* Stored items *
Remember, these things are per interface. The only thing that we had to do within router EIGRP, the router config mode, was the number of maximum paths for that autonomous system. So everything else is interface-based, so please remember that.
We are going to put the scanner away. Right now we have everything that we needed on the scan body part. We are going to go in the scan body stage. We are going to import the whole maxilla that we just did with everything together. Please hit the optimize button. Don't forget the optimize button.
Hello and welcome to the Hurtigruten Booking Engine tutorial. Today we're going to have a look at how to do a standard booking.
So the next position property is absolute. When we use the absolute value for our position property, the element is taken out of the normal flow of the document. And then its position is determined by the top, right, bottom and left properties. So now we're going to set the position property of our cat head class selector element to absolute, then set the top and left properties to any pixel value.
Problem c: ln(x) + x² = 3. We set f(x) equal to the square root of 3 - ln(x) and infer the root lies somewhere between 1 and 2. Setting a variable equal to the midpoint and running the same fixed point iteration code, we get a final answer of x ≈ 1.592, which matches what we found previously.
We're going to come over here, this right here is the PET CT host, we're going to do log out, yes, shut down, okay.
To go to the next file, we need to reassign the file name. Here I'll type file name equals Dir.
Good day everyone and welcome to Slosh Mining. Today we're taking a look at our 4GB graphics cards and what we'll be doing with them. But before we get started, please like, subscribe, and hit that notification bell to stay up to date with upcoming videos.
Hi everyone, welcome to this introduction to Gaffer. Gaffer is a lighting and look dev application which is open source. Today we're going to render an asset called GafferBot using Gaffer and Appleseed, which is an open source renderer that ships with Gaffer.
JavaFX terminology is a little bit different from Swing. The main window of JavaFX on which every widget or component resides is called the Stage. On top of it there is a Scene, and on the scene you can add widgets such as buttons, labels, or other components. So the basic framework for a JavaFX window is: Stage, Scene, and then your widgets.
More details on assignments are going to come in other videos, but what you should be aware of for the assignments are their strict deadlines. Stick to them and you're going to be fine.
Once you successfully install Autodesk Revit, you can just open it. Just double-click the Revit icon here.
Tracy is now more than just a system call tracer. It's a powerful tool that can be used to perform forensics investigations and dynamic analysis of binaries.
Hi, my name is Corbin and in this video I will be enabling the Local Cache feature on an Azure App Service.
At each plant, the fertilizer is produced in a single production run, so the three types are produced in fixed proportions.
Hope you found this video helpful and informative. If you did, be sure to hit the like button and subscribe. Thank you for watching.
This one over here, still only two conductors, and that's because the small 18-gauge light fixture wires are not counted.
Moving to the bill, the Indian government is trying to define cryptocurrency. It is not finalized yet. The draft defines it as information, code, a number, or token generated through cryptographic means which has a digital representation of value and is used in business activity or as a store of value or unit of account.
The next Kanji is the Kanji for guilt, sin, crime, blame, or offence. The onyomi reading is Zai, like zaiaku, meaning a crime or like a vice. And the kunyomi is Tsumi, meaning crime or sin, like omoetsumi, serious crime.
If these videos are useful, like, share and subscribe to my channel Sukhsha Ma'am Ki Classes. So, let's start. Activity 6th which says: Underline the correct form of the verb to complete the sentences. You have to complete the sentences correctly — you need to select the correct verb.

* Instructions to follow *
Set down each entry again, unchanged.

* Response to the task *
Remember, these things are per interface. The only thing that we had to do within router EIGRP, the router config mode, was the number of maximum paths for that autonomous system. So everything else is interface-based, so please remember that.
We are going to put the scanner away. Right now we have everything that we needed on the scan body part. We are going to go in the scan body stage. We are going to import the whole maxilla that we just did with everything together. Please hit the optimize button. Don't forget the optimize button.
Hello and welcome to the Hurtigruten Booking Engine tutorial. Today we're going to have a look at how to do a standard booking.
So the next position property is absolute. When we use the absolute value for our position property, the element is taken out of the normal flow of the document. And then its position is determined by the top, right, bottom and left properties. So now we're going to set the position property of our cat head class selector element to absolute, then set the top and left properties to any pixel value.
Problem c: ln(x) + x² = 3. We set f(x) equal to the square root of 3 - ln(x) and infer the root lies somewhere between 1 and 2. Setting a variable equal to the midpoint and running the same fixed point iteration code, we get a final answer of x ≈ 1.592, which matches what we found previously.
We're going to come over here, this right here is the PET CT host, we're going to do log out, yes, shut down, okay.
To go to the next file, we need to reassign the file name. Here I'll type file name equals Dir.
Good day everyone and welcome to Slosh Mining. Today we're taking a look at our 4GB graphics cards and what we'll be doing with them. But before we get started, please like, subscribe, and hit that notification bell to stay up to date with upcoming videos.
Hi everyone, welcome to this introduction to Gaffer. Gaffer is a lighting and look dev application which is open source. Today we're going to render an asset called GafferBot using Gaffer and Appleseed, which is an open source renderer that ships with Gaffer.
JavaFX terminology is a little bit different from Swing. The main window of JavaFX on which every widget or component resides is called the Stage. On top of it there is a Scene, and on the scene you can add widgets such as buttons, labels, or other components. So the basic framework for a JavaFX window is: Stage, Scene, and then your widgets.
More details on assignments are going to come in other videos, but what you should be aware of for the assignments are their strict deadlines. Stick to them and you're going to be fine.
Once you successfully install Autodesk Revit, you can just open it. Just double-click the Revit icon here.
Tracy is now more than just a system call tracer. It's a powerful tool that can be used to perform forensics investigations and dynamic analysis of binaries.
Hi, my name is Corbin and in this video I will be enabling the Local Cache feature on an Azure App Service.
At each plant, the fertilizer is produced in a single production run, so the three types are produced in fixed proportions.
Hope you found this video helpful and informative. If you did, be sure to hit the like button and subscribe. Thank you for watching.
This one over here, still only two conductors, and that's because the small 18-gauge light fixture wires are not counted.
Moving to the bill, the Indian government is trying to define cryptocurrency. It is not finalized yet. The draft defines it as information, code, a number, or token generated through cryptographic means which has a digital representation of value and is used in business activity or as a store of value or unit of account.
The next Kanji is the Kanji for guilt, sin, crime, blame, or offence. The onyomi reading is Zai, like zaiaku, meaning a crime or like a vice. And the kunyomi is Tsumi, meaning crime or sin, like omoetsumi, serious crime.
If these videos are useful, like, share and subscribe to my channel Sukhsha Ma'am Ki Classes. So, let's start. Activity 6th which says: Underline the correct form of the verb to complete the sentences. You have to complete the sentences correctly — you need to select the correct verb.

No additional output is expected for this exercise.